**Instructions to follow**. Read through the lines below and copy the ones holding the string "show".

**Record excerpts**.

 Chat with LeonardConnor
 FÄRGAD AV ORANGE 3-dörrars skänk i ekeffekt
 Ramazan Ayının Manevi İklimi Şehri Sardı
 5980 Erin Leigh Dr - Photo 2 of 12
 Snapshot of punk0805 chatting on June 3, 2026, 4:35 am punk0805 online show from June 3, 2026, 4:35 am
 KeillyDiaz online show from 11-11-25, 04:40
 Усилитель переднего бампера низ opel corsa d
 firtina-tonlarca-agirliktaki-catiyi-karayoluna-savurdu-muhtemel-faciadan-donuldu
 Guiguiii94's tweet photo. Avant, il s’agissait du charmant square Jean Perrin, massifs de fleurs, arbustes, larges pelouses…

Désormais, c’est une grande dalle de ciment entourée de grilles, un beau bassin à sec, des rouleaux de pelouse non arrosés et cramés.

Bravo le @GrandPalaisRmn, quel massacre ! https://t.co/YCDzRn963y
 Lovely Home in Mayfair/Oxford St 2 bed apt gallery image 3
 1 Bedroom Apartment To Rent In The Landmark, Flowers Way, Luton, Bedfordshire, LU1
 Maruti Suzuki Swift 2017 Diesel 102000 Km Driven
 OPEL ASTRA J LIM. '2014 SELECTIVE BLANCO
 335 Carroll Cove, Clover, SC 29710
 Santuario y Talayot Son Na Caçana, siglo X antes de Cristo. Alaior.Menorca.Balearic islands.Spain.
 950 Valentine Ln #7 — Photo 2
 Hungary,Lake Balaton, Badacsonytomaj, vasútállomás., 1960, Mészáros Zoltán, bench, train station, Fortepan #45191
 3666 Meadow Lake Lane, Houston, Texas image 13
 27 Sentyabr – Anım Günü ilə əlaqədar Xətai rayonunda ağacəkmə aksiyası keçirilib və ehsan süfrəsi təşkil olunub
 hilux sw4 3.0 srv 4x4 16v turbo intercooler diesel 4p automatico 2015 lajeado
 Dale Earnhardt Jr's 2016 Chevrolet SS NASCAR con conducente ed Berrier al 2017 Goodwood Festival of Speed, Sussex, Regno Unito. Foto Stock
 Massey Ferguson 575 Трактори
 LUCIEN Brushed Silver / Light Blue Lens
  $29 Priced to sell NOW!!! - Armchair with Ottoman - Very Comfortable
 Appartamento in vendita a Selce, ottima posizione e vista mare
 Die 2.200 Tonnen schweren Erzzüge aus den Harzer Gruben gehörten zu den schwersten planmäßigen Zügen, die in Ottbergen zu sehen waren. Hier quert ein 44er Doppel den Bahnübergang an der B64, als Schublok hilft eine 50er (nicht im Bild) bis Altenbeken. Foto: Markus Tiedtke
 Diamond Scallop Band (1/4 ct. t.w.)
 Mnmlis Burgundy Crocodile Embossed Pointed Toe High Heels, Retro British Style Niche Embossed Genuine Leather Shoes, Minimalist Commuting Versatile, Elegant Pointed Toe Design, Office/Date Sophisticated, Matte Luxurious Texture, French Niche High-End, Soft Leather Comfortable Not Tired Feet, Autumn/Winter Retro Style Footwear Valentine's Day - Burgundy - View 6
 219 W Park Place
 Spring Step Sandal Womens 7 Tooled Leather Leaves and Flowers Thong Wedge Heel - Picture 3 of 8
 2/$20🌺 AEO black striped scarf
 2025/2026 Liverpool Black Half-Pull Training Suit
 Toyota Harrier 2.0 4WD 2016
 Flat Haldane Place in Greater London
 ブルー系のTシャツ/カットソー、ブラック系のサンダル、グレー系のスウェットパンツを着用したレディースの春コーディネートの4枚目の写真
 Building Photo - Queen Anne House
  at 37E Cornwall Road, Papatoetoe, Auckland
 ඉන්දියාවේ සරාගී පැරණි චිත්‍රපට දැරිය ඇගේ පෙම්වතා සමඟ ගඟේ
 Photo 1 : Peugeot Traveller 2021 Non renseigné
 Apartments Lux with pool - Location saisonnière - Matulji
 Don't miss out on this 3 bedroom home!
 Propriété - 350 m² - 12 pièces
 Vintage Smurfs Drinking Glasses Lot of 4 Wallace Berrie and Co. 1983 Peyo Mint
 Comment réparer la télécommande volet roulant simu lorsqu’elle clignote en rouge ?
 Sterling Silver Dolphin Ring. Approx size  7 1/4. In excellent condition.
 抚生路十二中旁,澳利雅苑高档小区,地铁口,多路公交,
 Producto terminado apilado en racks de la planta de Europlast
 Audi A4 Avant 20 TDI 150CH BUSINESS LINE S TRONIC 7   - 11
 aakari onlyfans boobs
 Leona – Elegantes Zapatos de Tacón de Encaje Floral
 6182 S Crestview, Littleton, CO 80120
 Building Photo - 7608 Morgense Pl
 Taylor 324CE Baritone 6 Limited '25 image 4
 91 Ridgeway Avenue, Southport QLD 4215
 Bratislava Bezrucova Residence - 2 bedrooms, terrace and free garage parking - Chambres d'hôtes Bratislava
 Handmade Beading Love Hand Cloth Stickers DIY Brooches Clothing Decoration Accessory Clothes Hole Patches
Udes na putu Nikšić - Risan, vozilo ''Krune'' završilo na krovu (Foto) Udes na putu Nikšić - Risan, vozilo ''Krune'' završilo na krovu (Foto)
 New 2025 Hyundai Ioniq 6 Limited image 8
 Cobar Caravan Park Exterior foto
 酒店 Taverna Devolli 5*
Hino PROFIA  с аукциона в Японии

**Task result**.
 Snapshot of punk0805 chatting on June 3, 2026, 4:35 am punk0805 online show from June 3, 2026, 4:35 am
 KeillyDiaz online show from 11-11-25, 04:40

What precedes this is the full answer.